WHAT YOU SHOULD DO = Exactly reproduce the line containing "Rings 3 Stone" and all later lines to the end of the entries, leaving the pictures out of your copy.
(MATERIALS PROVIDED begins)
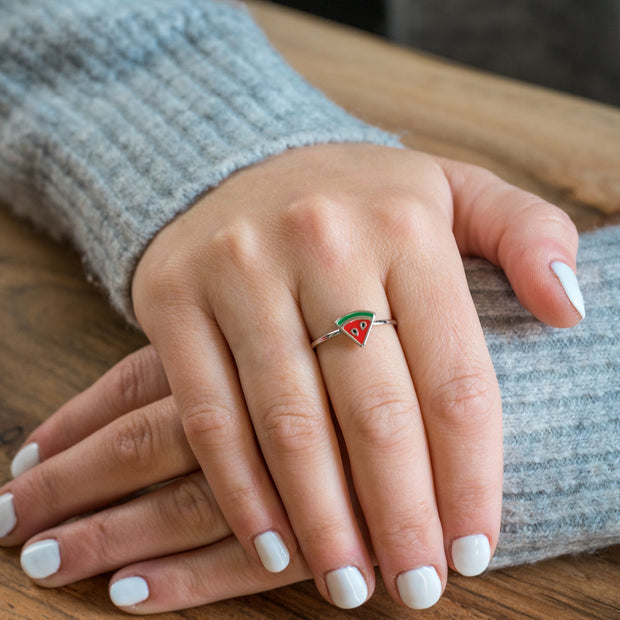 Enamel Watermelon Ring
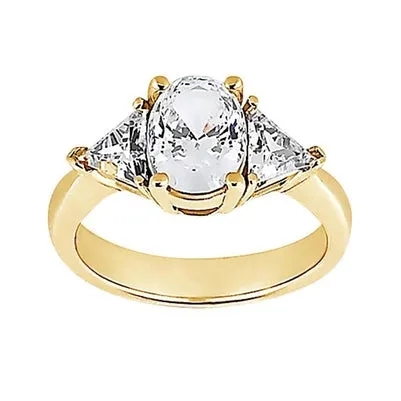 3 Stone 271 Ct Big Natural Earth Mined Diamond Yellow Gold Fancy Ring New GB Rings 3 Stone 271 Ct Big Natural Earth Mined Diamond Yellow Gold Fancy Ring New GB Rings
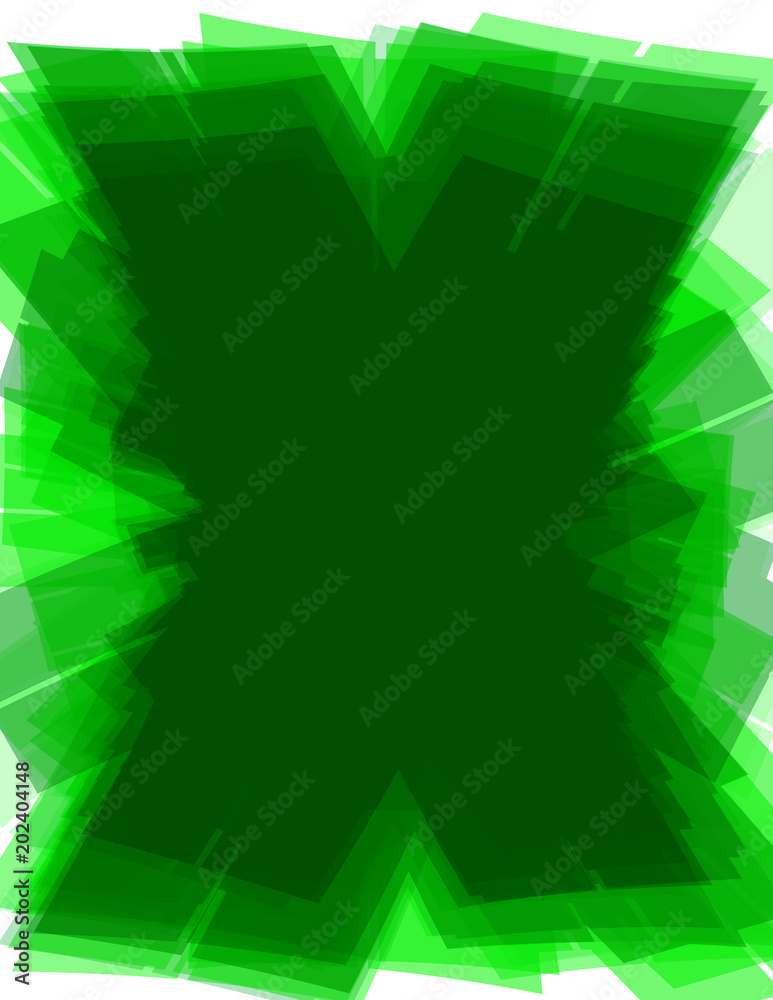 Poster Abstract dark green x-background with tech X letter shape. Futuristic vector graphic pattern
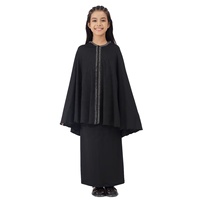 Setelan Baju Muslim Anak Perempuan untuk Musim Semi dan Gugur. Set Pakaian Anak-Anak Asia Tenggara.
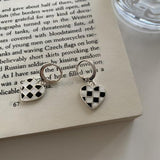 925 Silver Geometric Twist Hoop Earrings For Women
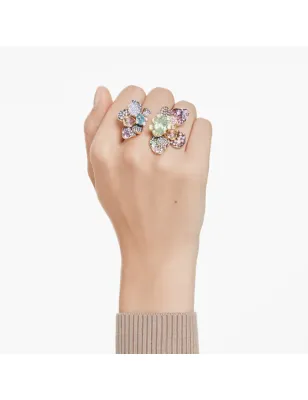Anello Idyllia Fiore multicolore pavé Donna Swarovski 5713612 Swarovski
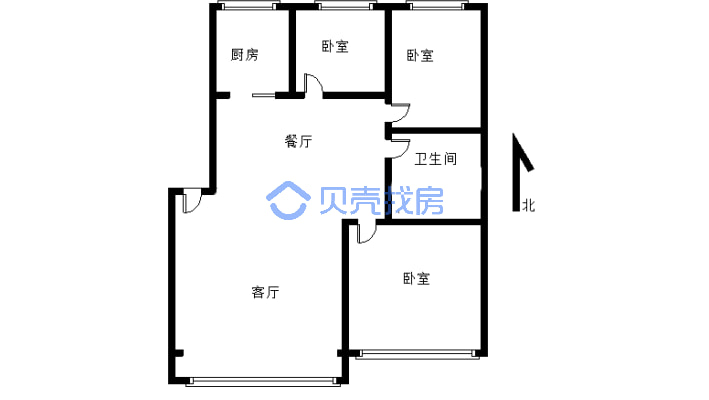 房龄新 中间楼层  阳面大客厅    格局好-户型图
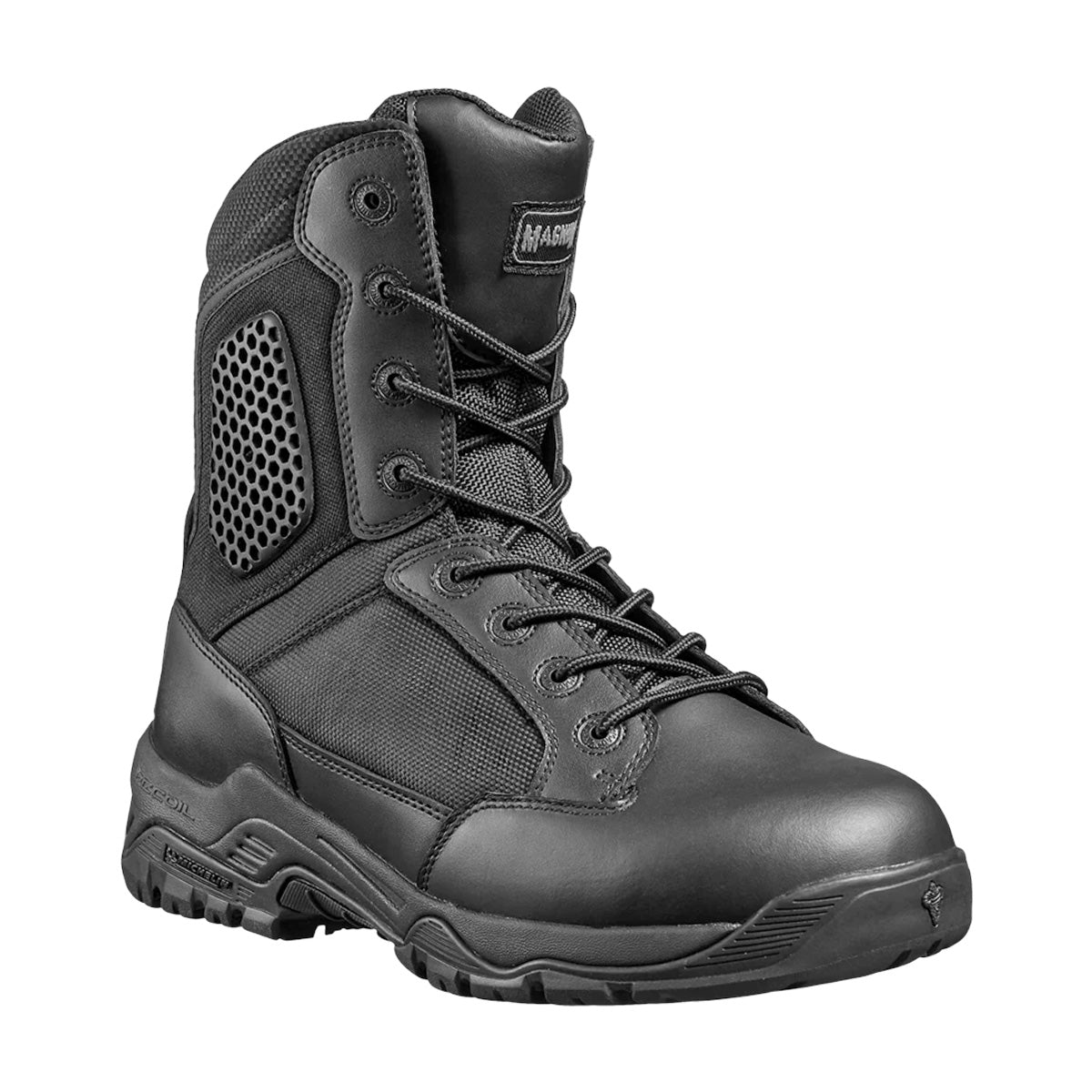 Magnum Strike Force 8.0 Side-Zip Waterproof Women's Boot Black-Tactical Gear UK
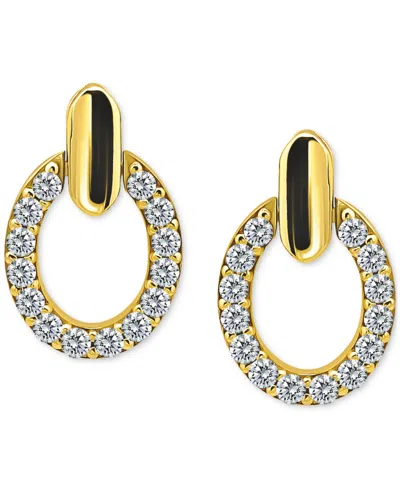 Giani Bernini Cubic Zirconia Round Earrings (1-1/2 Ct. T.w.) In 18k Gold Over Sterling Silver (also Available In S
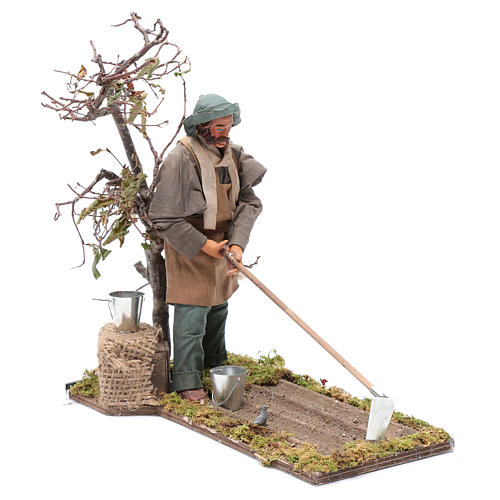 Neapolitan nativity scene farmer 24 cm 3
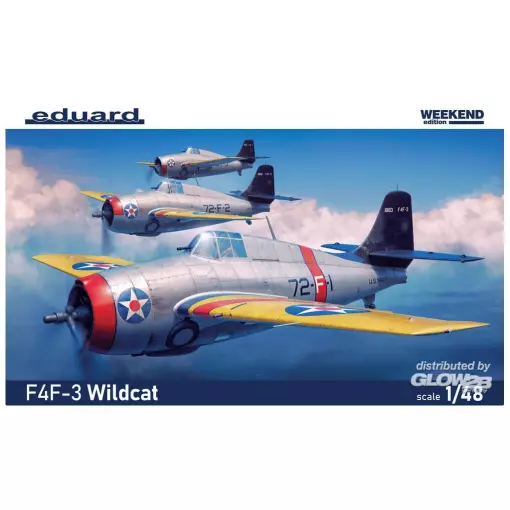 Avion F4F-3 Wildcat - Eduard Plastic Kits 84193 - 1/48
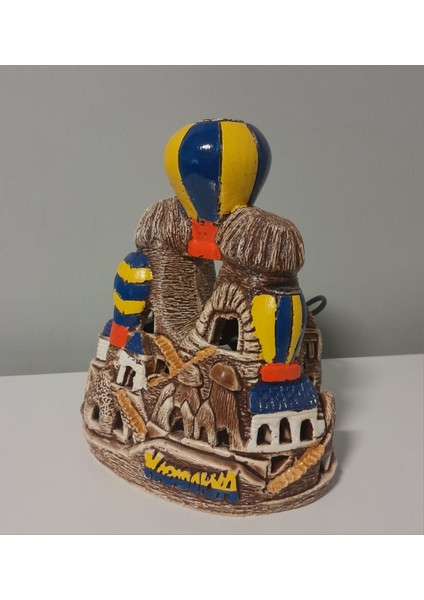 Kapadokya Dekoratif Alçı Peribacası Gece Lambası Taraftar Fenerbahçe fırsatları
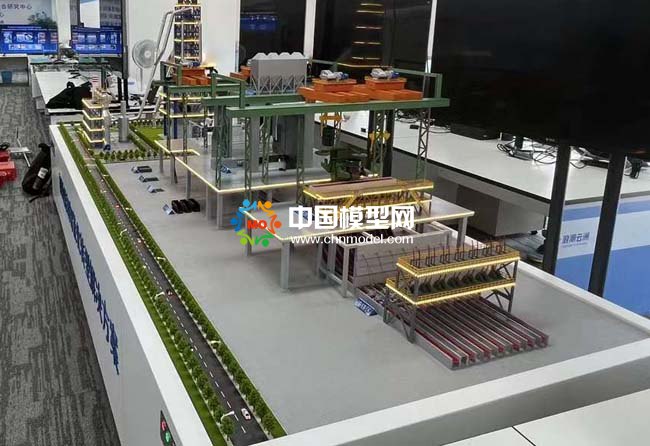 極數(shù)煉鋼智能化轉(zhuǎn)型解決方案沙盤模型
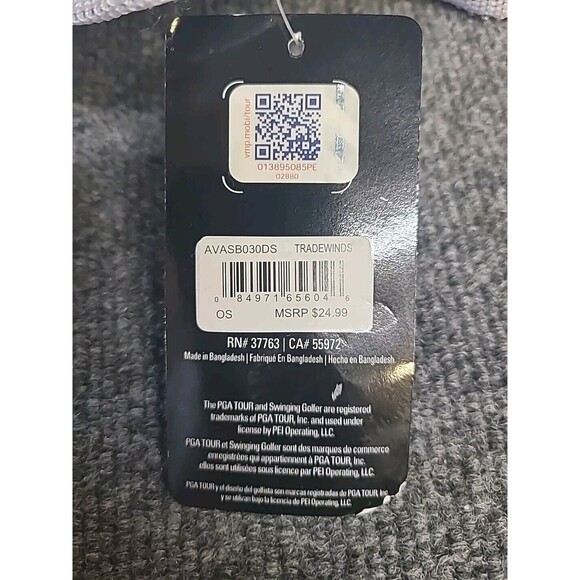 NEW PGA Tour Men's Adjustable Snapback Blue  Camouflage Trucker Cap - Picture 7 of 7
(MATERIALS PROVIDED ends)
EXERCISE OUTPUT =
 3 Stone 271 Ct Big Natural Earth Mined Diamond Yellow Gold Fancy Ring New GB Rings 3 Stone 271 Ct Big Natural Earth Mined Diamond Yellow Gold Fancy Ring New GB Rings
 Poster Abstract dark green x-background with tech X letter shape. Futuristic vector graphic pattern
 Setelan Baju Muslim Anak Perempuan untuk Musim Semi dan Gugur. Set Pakaian Anak-Anak Asia Tenggara.
 925 Silver Geometric Twist Hoop Earrings For Women
Anello Idyllia Fiore multicolore pavé Donna Swarovski 5713612 Swarovski
 房龄新 中间楼层  阳面大客厅    格局好-户型图
 Magnum Strike Force 8.0 Side-Zip Waterproof Women's Boot Black-Tactical Gear UK
 Giani Bernini Cubic Zirconia Round Earrings (1-1/2 Ct. T.w.) In 18k Gold Over Sterling Silver (also Available In S
 Neapolitan nativity scene farmer 24 cm 3
 Avion F4F-3 Wildcat - Eduard Plastic Kits 84193 - 1/48
 Kapadokya Dekoratif Alçı Peribacası Gece Lambası Taraftar Fenerbahçe fırsatları
 極數(shù)煉鋼智能化轉(zhuǎn)型解決方案沙盤模型
 NEW PGA Tour Men's Adjustable Snapback Blue  Camouflage Trucker Cap - Picture 7 of 7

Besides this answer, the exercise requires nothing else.